A novel form of sodalite was synthesized from muscovite (M.SD) as low-cost softening material for both Ca2+ and Mg2+ ions from real groundwater in batch and column studies. The sodalite sample showed significant surface area (105 m2/g) and ion exchange capacity (87.3 meq/100 g) which qualifies it strong for softening applications. The incorporation of the M.SD as a fixed bed in column system at a fixed thickness of 4 cm and flow rates of 5 mL/min resulted in removal percentages of 90.5% and 92.2% for Ca2+ and Mg2+, respectively at pH 7.6. Considering the real concentrations of the ions (Ca2+ (233 mg/L) and Mg2+ (114 mg/L)), the M.SD bed has the ability to reduce their concentrations according to the recommended limits (75 mg/L for Ca2+ and 50 mg/L for Mg2+). These conditions resulted in purification of about 8.1 L and 8.7 L with breakthrough intervals of 1380 min and 1440 min; and saturation interval more than 1620 min for Ca2+ and Mg2+, respectively. The M.SD columns' performances were described considering the assumption of the Thomas model, Adams–Bohart model, and Yoon–Nelson model.
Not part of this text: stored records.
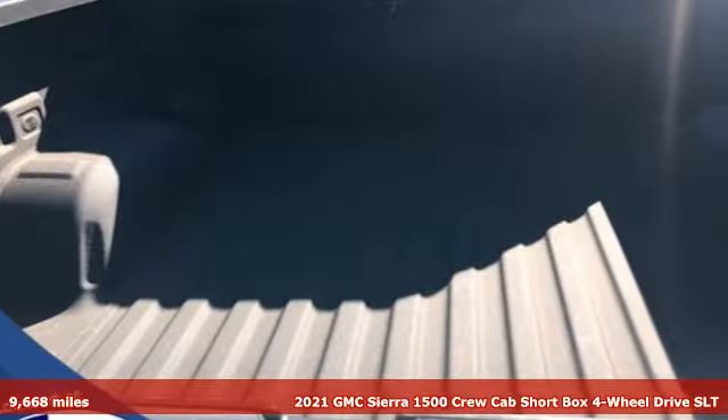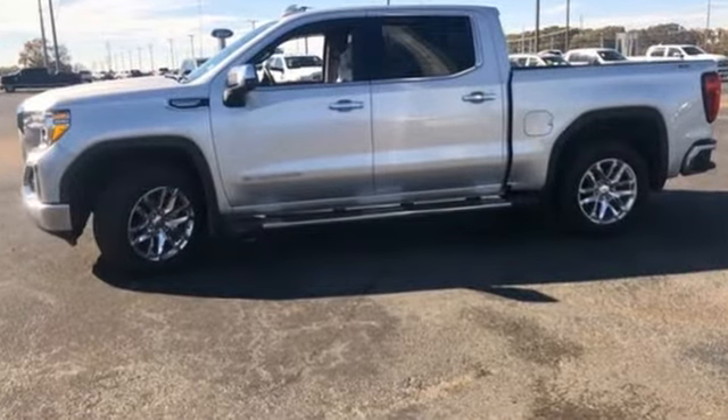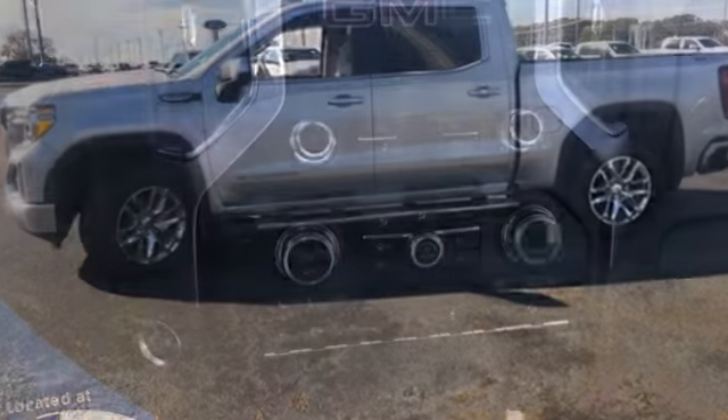It's equipped for all your driving needs and wants. Automatic transmission, four-wheel drive, engine auto stop-start feature, trailer brake controller.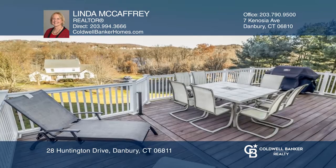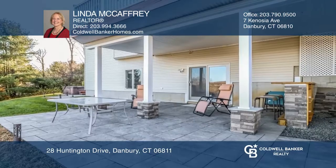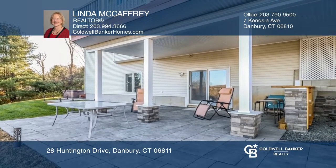Entertain on the deck or the patio with a bar area and hot tub that connects to the finished lower-level rec room, bar, and media room.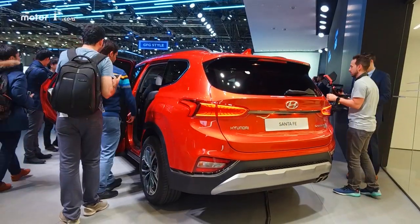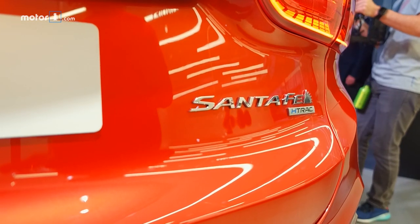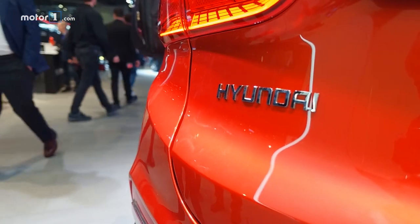Santa Fe is a global product and will offer a variety of powertrains depending on market: a low and high output version of a 2-liter turbodiesel, a naturally aspirated 2.4-liter 4, and a gas-burning 2-liter turbo.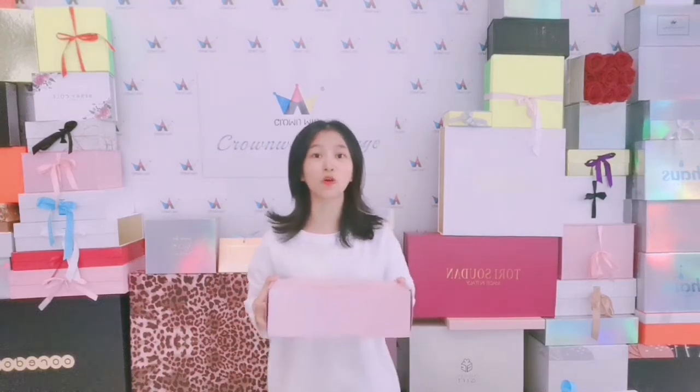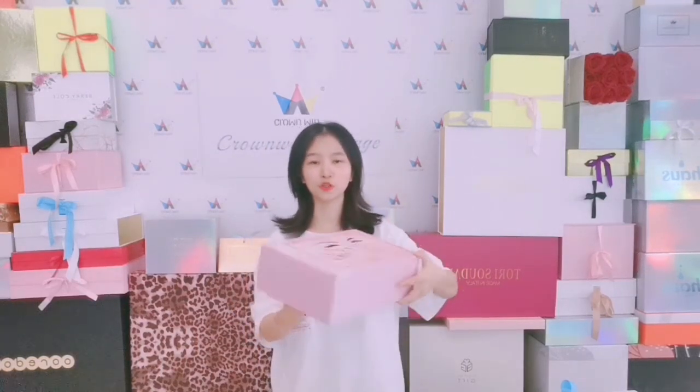Hi dear friends, this is Cassie from Born & Package. Today I will show you a shipping mail box.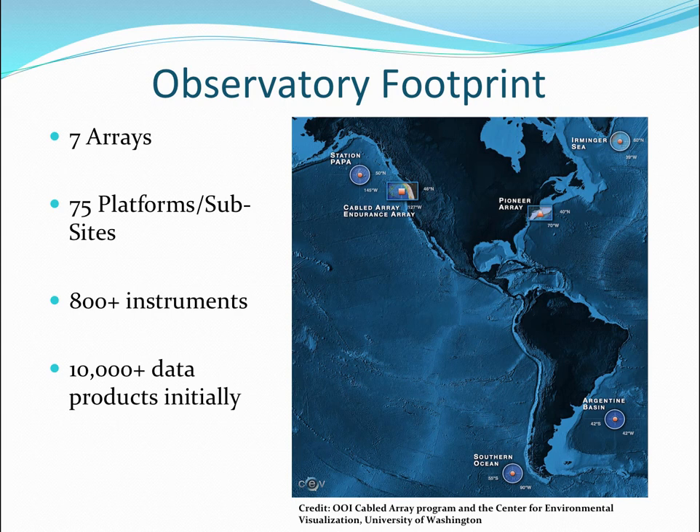They went live sort of in October, then really live in January, and they're going to go really live this summer — a typical large research project. Sub-sites are where they've located instruments on the platforms, and they may decide within the first year to move an instrument 25 miles to another quadrant. That has major implications for us as we try to create durable metadata. There are 800-plus instruments, and just in the first year they think they're going to produce as many as 10,000 data products.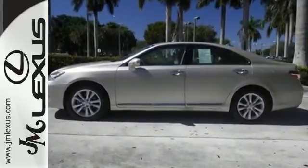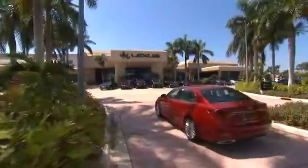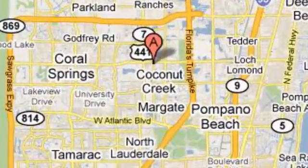Come on in today and see it for yourself. JM Lexus, the world's number one Lexus dealer since 1992. We're conveniently located just east of 441 on Sample Road in Margate, Florida, just west of the Turnpike.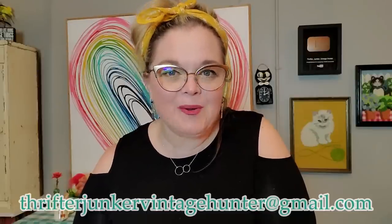I should mention — everything I'm showing you will either be for sale right now, and you can ask me by sending an email to thrifterjunkervintagehunter@gmail.com, or they will be sold in an upcoming live sale. I do live sales every Tuesday and Wednesday at 1 o'clock Eastern Standard Time. Make sure you're following me on YouTube and Instagram for previews. Everything is linked down below.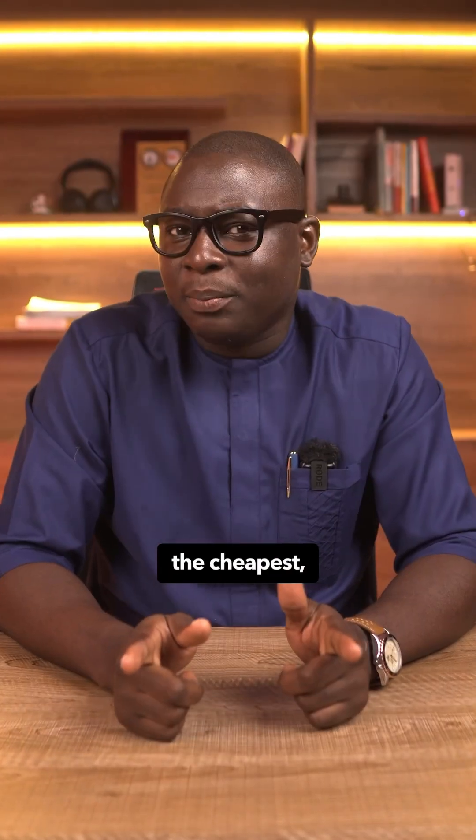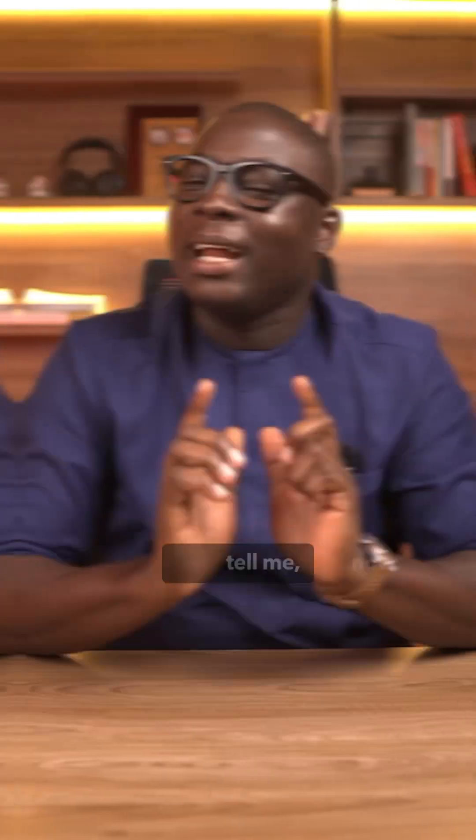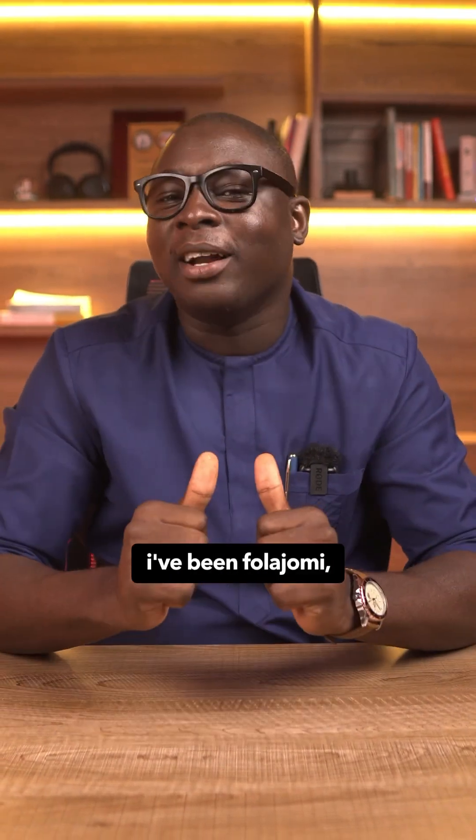It's not always the cheapest, but when done right, it's often the wisest. Now tell me — do you see yourself using ready mix on your next project? Let me know in the comments. I've been Fala Jomi, see you on the next one.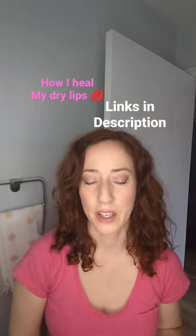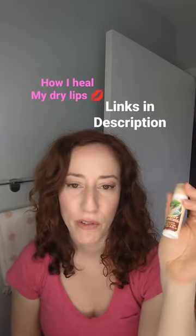If you struggle with dry lips like me and you don't want to use petroleum jelly, I use Waxalene and I layer Badger Cocoa Butter Lip Balm over the top.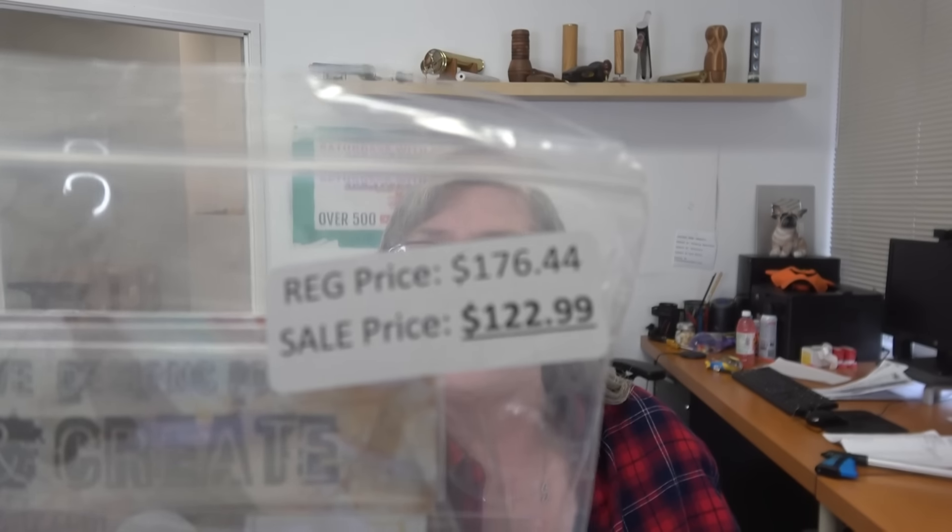Our first bundle is Clocks and Florals. It retails for $176.44 — this is brand new product. We're launching it for $122.99. The bundles are where you're going to see the best value, but every single item in here will also be on sale for you.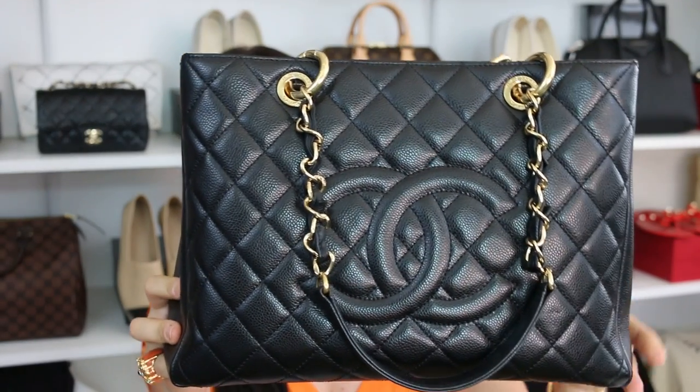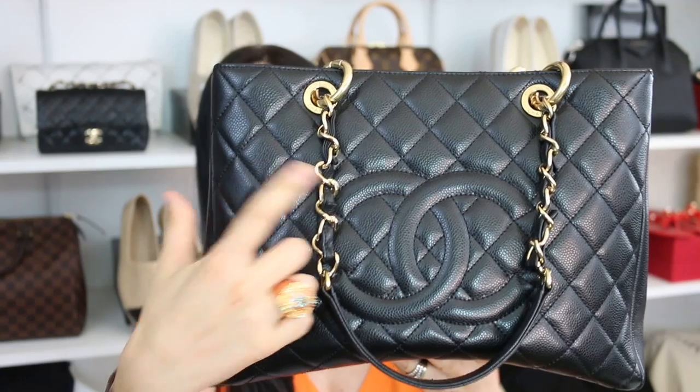Hello everyone, I hope you're all having a fabulous Monday. Today I'm coming at you with our weekly Minx Monday Q&A. Before we get started, let me share the bag that I'm currently rocking — the Chanel GST, or Grand Shopping Tote, in black caviar leather with gold hardware. I do have tons of eye candy for you guys today, so grab your coffee, grab your tea, come join me. We have some awesome topics to cover.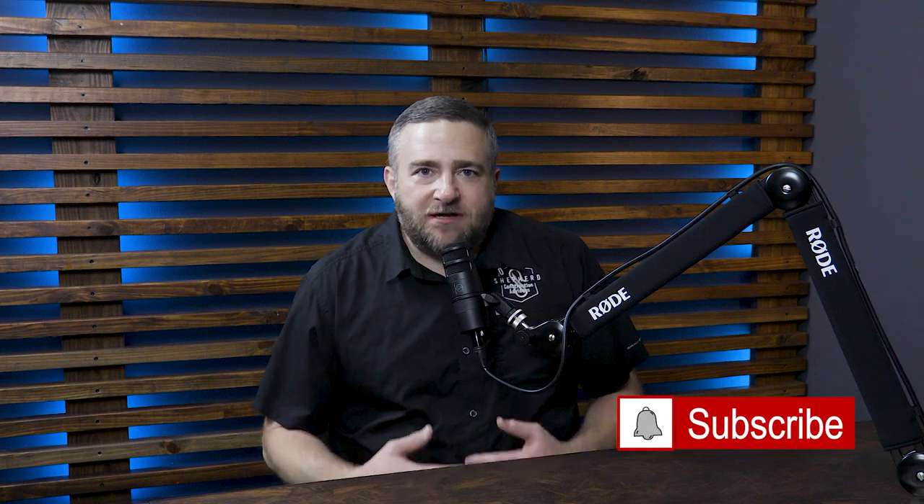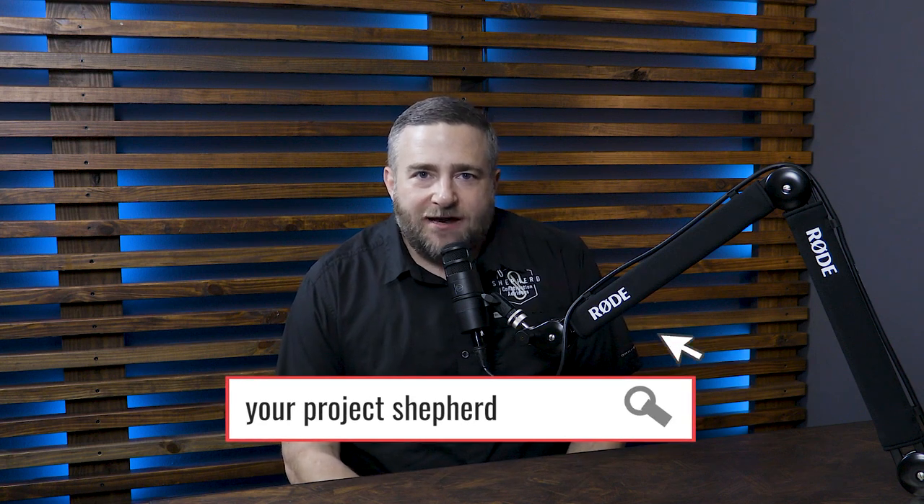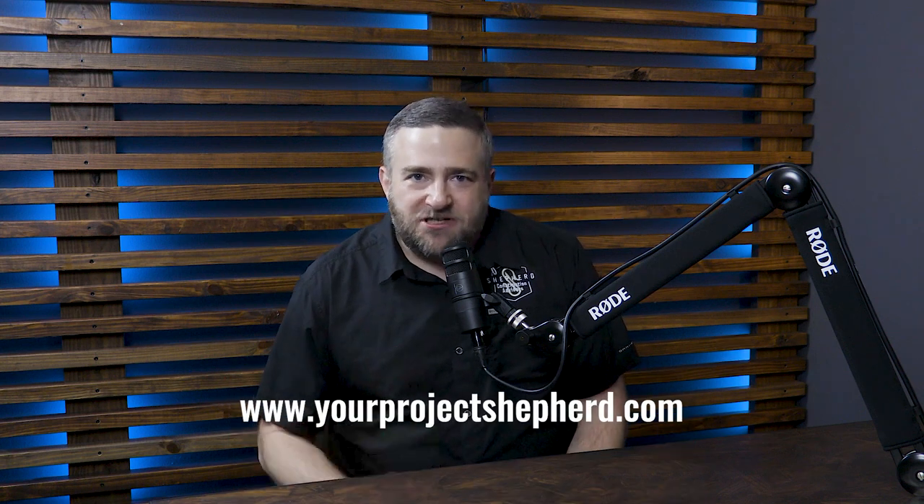We're here to help professionals and homeowners alike make the best decisions about designing, planning, and building custom homes. If you'd like more information about how Shepard can help you with your project or business, visit us at yourprojectshepard.com. And now here's today's episode.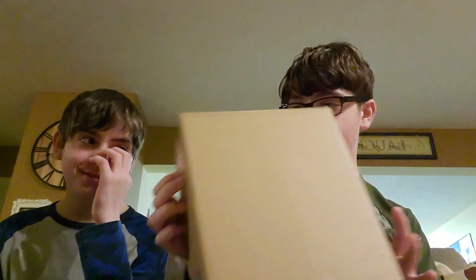Alright you guys, because yesterday was Christmas, I got my brother a little gift. So he's gonna open it up. I swear it's not a tank mine.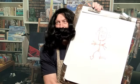Are you done yet? I've been sitting for hours. Oh, you want to see it? Can I see it? Yeah. It looks just like me.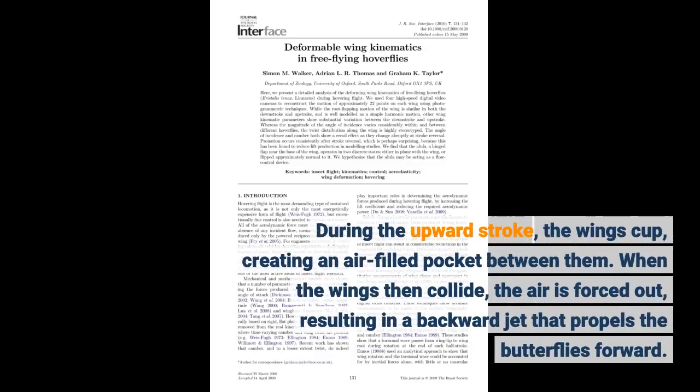During the upward stroke, the wings cup, creating an air-filled pocket between them. When the wings then collide, the air is forced out, resulting in a backward jet that propels the butterflies forward.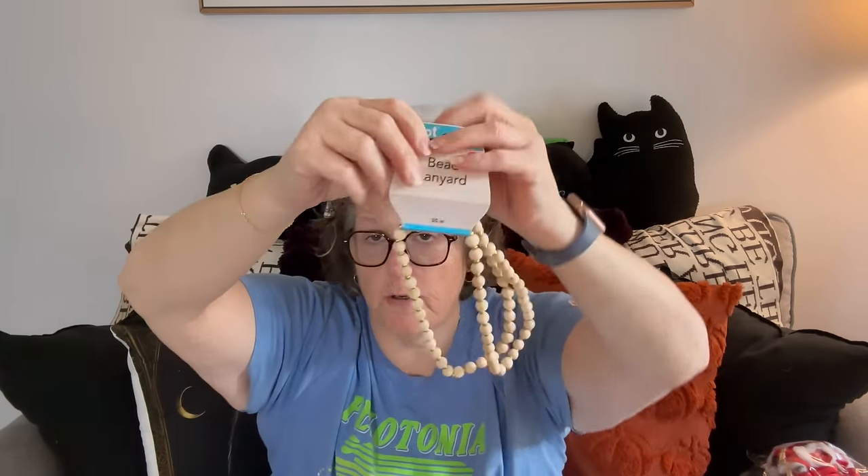I know these came out at back-to-school time but I never saw them. One store I went to had them — they're lanyards with a little key ring and a gold bead. I love the simplicity of it. I don't need a lanyard right now, but I could actually take it on my cruise and put my key card on it.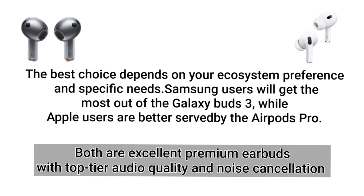Both are excellent premium earbuds with top-tier audio quality and noise cancellation. I'll be providing both purchase links in the description — do check it out. Thanks for watching! If you found this helpful, hit the like button and subscribe to our channel.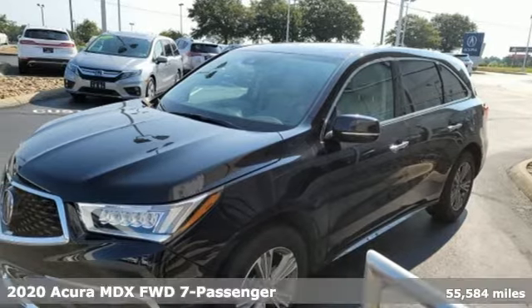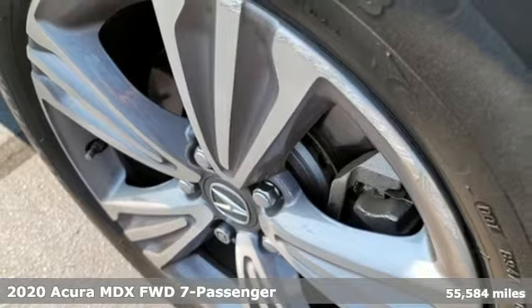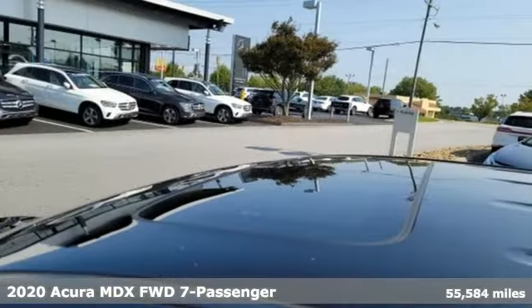Here's a 2020 Acura MDX. Three rows of luxury, entertainment, and precision. Plus, it offers an exciting list of features.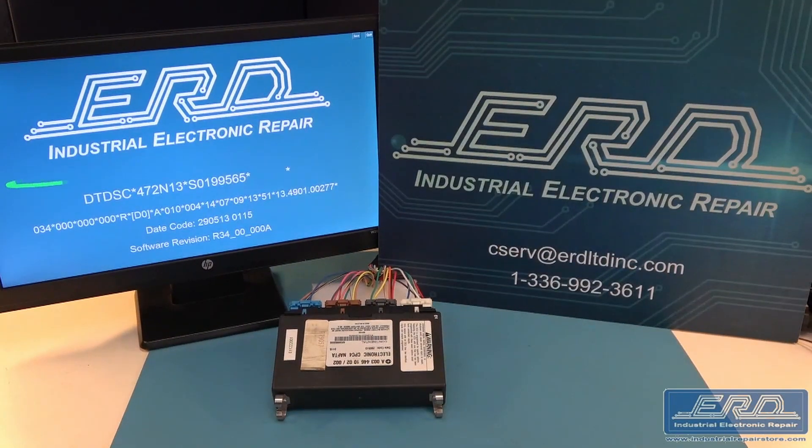We are so confident in this repair that we are offering our industry-leading 3-year warranty on these CPC-4s. In addition to the repair service, ERD will return the programming on the module to the state in which we received it.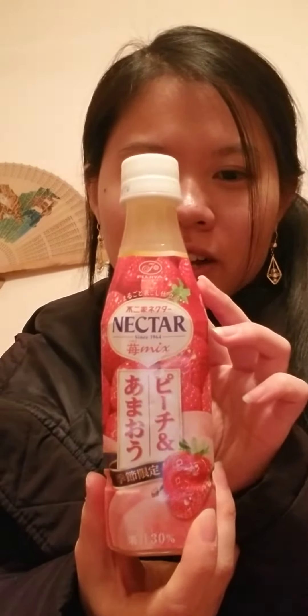Hello and welcome to another episode of Sampling Beverages. Today we will be sampling a nectar. This was actually in the new aisle for the drink stuff.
The batch studies demonstrate the uptake of both Ca2+ and Mg2+ ions according to the Pseudo-First order kinetics and Langmuir equilibrium behaviour. Considering the values of Gaussian energies (0.77 KJ/mol (Ca2+) and 1.36 KJ/mol (Mg2+)), the uptake of these ions occurred by homogenous reactions of monolayer form and physical nature. The thermodynamic studies declared the spontaneous properties of the reactions and their exothermic properties.